:: What you will do ::
For the records that follow, please set down exactly the lines between the one holding "Grasslin Analogue DIN" and the one holding "CN051085 Aftermarket per", inclusive, and only those.

───── Given data

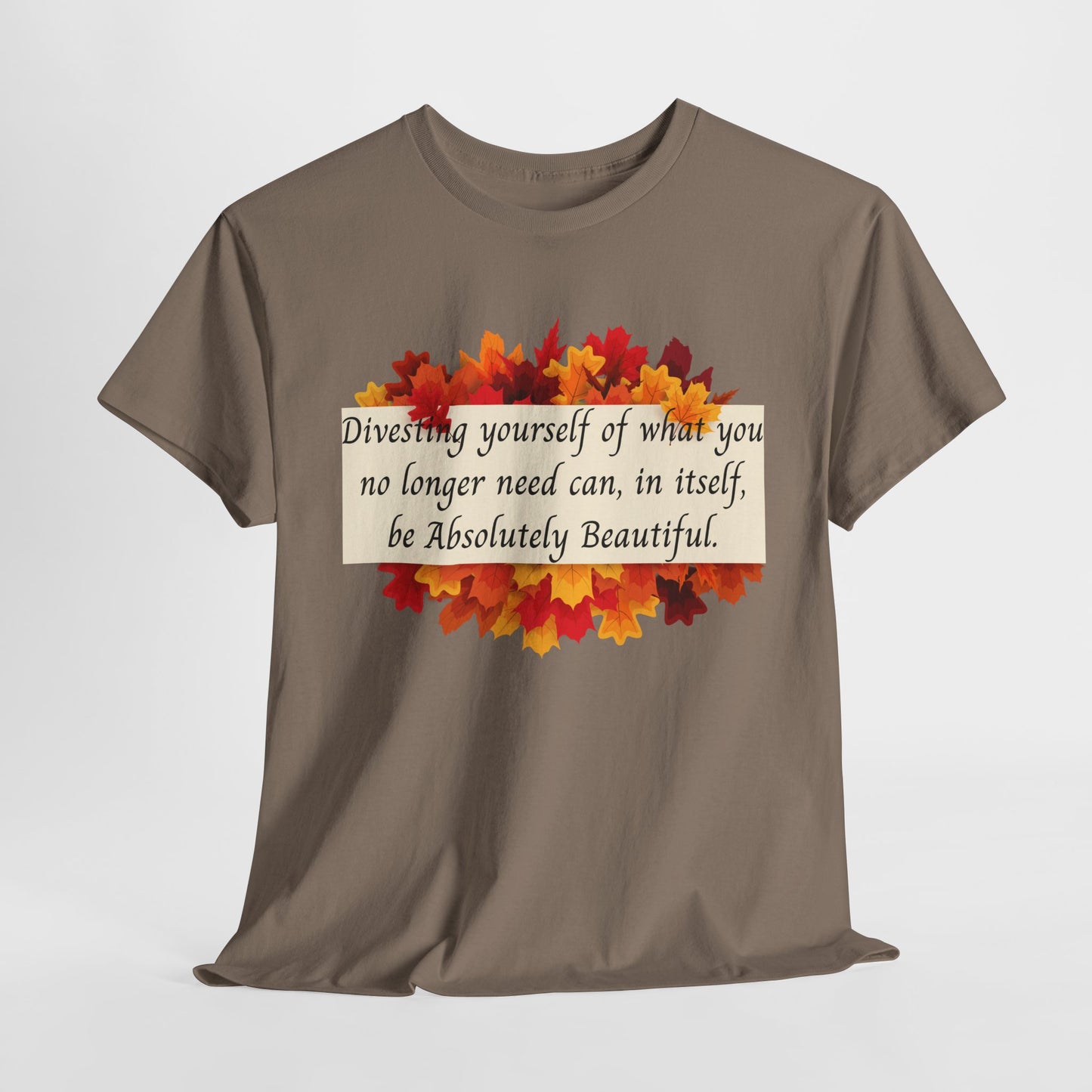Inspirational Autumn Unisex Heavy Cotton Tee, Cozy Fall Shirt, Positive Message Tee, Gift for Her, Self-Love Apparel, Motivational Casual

──────────
───── Given data

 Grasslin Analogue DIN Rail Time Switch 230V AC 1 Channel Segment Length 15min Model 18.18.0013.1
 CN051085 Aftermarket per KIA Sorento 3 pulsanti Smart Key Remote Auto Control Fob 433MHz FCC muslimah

──────────

:: Exercise response ::
 Grasslin Analogue DIN Rail Time Switch 230V AC 1 Channel Segment Length 15min Model 18.18.0013.1
 CN051085 Aftermarket per KIA Sorento 3 pulsanti Smart Key Remote Auto Control Fob 433MHz FCC muslimah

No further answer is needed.